* _WHAT THE TASK REQUIRES_: Please transcribe all of the records precisely.

Dataset entries
++++++++++++++++++++
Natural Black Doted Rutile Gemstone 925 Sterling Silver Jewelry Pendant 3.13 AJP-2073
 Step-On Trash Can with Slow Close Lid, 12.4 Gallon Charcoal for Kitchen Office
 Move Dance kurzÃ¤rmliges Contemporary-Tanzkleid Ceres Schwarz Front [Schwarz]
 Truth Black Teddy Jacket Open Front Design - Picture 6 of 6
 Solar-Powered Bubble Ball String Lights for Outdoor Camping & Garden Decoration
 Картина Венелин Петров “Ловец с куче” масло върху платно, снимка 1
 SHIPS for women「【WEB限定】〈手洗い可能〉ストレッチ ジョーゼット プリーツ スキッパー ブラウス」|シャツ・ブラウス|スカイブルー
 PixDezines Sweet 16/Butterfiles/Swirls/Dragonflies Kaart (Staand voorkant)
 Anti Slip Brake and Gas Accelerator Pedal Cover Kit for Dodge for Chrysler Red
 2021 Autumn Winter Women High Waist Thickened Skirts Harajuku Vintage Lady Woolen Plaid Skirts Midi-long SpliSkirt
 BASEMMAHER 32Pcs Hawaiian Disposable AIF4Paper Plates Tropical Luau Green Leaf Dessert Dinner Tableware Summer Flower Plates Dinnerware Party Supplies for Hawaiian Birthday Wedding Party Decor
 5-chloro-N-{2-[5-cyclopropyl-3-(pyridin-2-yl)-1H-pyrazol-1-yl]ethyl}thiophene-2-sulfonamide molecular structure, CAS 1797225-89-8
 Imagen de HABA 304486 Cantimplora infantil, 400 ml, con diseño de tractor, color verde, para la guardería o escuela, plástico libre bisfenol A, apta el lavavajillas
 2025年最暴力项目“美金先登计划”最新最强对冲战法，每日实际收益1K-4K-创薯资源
++++++++++++++++++++
* _REPLY TO THE EXERCISE_:
Natural Black Doted Rutile Gemstone 925 Sterling Silver Jewelry Pendant 3.13 AJP-2073
 Step-On Trash Can with Slow Close Lid, 12.4 Gallon Charcoal for Kitchen Office
 Move Dance kurzÃ¤rmliges Contemporary-Tanzkleid Ceres Schwarz Front [Schwarz]
 Truth Black Teddy Jacket Open Front Design - Picture 6 of 6
 Solar-Powered Bubble Ball String Lights for Outdoor Camping & Garden Decoration
 Картина Венелин Петров “Ловец с куче” масло върху платно, снимка 1
 SHIPS for women「【WEB限定】〈手洗い可能〉ストレッチ ジョーゼット プリーツ スキッパー ブラウス」|シャツ・ブラウス|スカイブルー
 PixDezines Sweet 16/Butterfiles/Swirls/Dragonflies Kaart (Staand voorkant)
 Anti Slip Brake and Gas Accelerator Pedal Cover Kit for Dodge for Chrysler Red
 2021 Autumn Winter Women High Waist Thickened Skirts Harajuku Vintage Lady Woolen Plaid Skirts Midi-long SpliSkirt
 BASEMMAHER 32Pcs Hawaiian Disposable AIF4Paper Plates Tropical Luau Green Leaf Dessert Dinner Tableware Summer Flower Plates Dinnerware Party Supplies for Hawaiian Birthday Wedding Party Decor
 5-chloro-N-{2-[5-cyclopropyl-3-(pyridin-2-yl)-1H-pyrazol-1-yl]ethyl}thiophene-2-sulfonamide molecular structure, CAS 1797225-89-8
 Imagen de HABA 304486 Cantimplora infantil, 400 ml, con diseño de tractor, color verde, para la guardería o escuela, plástico libre bisfenol A, apta el lavavajillas
 2025年最暴力项目“美金先登计划”最新最强对冲战法，每日实际收益1K-4K-创薯资源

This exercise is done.